TASK BRIEF: For this exercise, restate word for word only the lines from the one containing "Leviton PJ2-E 2-Gang" through the last line below. Pictures do not get copied.

SOURCE MATERIAL:
▽
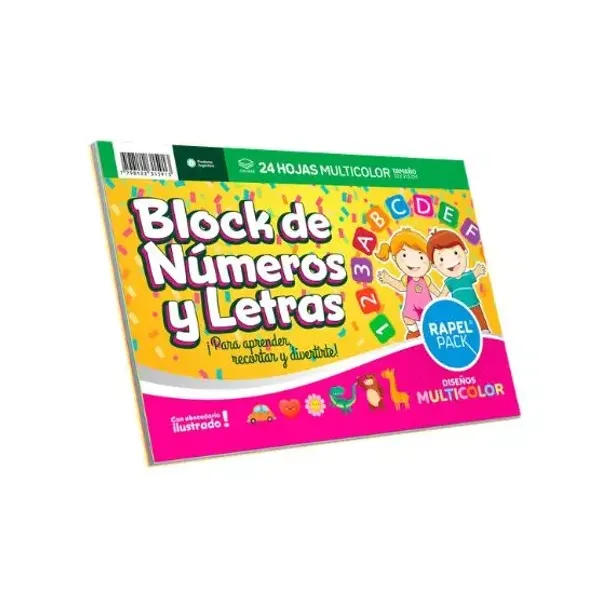 Block de dibujo rapel pack n.° 5 letras y números 24 hjs.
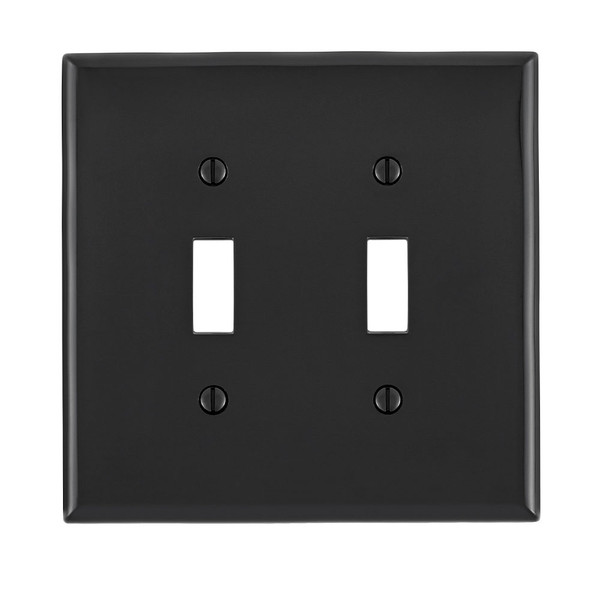 Leviton PJ2-E 2-Gang Toggle Device Switch Wallplate, Midway Size, Thermoplastic Nylon, Device Mount, - Black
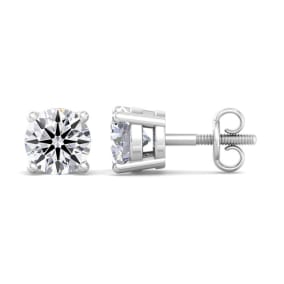 1 1/2 Carat Lab Grown Diamond Earrings In Platinum, Basket Setting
△
YOUR RESPONSE:
 Leviton PJ2-E 2-Gang Toggle Device Switch Wallplate, Midway Size, Thermoplastic Nylon, Device Mount, - Black
 1 1/2 Carat Lab Grown Diamond Earrings In Platinum, Basket Setting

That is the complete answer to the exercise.